Plaintes de bruits | Quels avancements depuis le La Tulipe?

Il est 19h30 mardi dernier, le 29 avril 2025. Le bar Blue Dog, institution du boulevard Saint-Laurent partageant ses activités entre salon de barbier de jour et salle de spectacles de nuit, est en plein soundcheck alors que les groupes locaux En Fer et Tempête Solaire se préparent pour un spectacle plus tard en soirée. Qu’à cela ne tienne, malgré l’heure et le contexte, le SPVM fait son entrée pour signaler une plainte formulée par une habitante du voisinage, une deuxième en deux semaines et une quatrième en 2 mois, à l’image de ce qui aura fait fermer le Divan Orange en 2017 (dont l’immeuble est d’ailleurs à nouveau déjà en vente!), puis le La Tulipe en septembre dernier.

Après la levée de boucliers suivant cette dernière fermeture, le maire Luc Rabouin et son équipe annonçaient en grande pompe le dépôt d’une nouvelle mouture du règlement sur le bruit de l’arrondissement du Plateau-Mont-Royal au mois de janvier de cette année. Quatre mois plus tard, toujours aucune trace ; une situation qui en frustre plusieurs, à commencer par l’équipe du Blue Dog et ses voisins.

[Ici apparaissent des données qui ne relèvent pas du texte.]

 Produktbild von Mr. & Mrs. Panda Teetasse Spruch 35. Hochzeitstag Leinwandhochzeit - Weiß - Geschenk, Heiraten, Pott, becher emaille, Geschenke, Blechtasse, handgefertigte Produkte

Oui, ses voisins. En décembre dernier, le Champs Sports Bar, situé dans le même immeuble, avait aussi dû suspendre temporairement ses activités en décembre dernier suite à des plaintes répétées. Et pire encore, le Diving Bell Social Club, un étage plus haut, toujours dans le même immeuble, l’une des rares salles montréalaises à encore proposer des locations gratuites aux artistes émergents, a tout simplement mis la clé à la porte dans la foulée des événements.

Pourtant, en réaction à ces controverses et suivant l’ensemble des discussions prises entre les différentes autorités municipales, l’arrondissement du Plateau-Mont-Royal avait modifié en urgence en septembre l’article 9 de sa règlementation afin d’empêcher, en principe, les plaintes de bruits contre les bars, restaurants et salles de spectacle, ce qui ne semble visiblement pas respecté sur le terrain.

Il faut dire que la décision ne faisait alors pas l’affaire de tous. Si l’industrie musicale et le milieu culturel se déclaraient généralement heureux de voir qu’une première étape du travail nécessaire, bien que temporaire, était accomplie, les habitants du quartier, eux, grognaient. Pour plusieurs, le fait d’inclure l’ensemble des bars dans la décision ouvrait la porte à des débordements, soulignant du même coup le flou juridique existant autour des différents types de salles…

Calvaire prolongée pour les petits lieux de spectacle

Dans l’attente du dépôt de cette nouvelle mouture de la règlementation locale, les propriétaires d’établissements culturels, eux, continuent d’attendre. Le Blue Dog n’en était pas à ses premières réprimandes : en 2019, la cour municipale avait obligé le bar à payer une amende de 600$ pour la tenue d’un événement qui se déroulant pendant le festival Mural, alors que des autorisations avaient pourtant été remises à plusieurs commerçants pour diffuser de la musique en extérieur.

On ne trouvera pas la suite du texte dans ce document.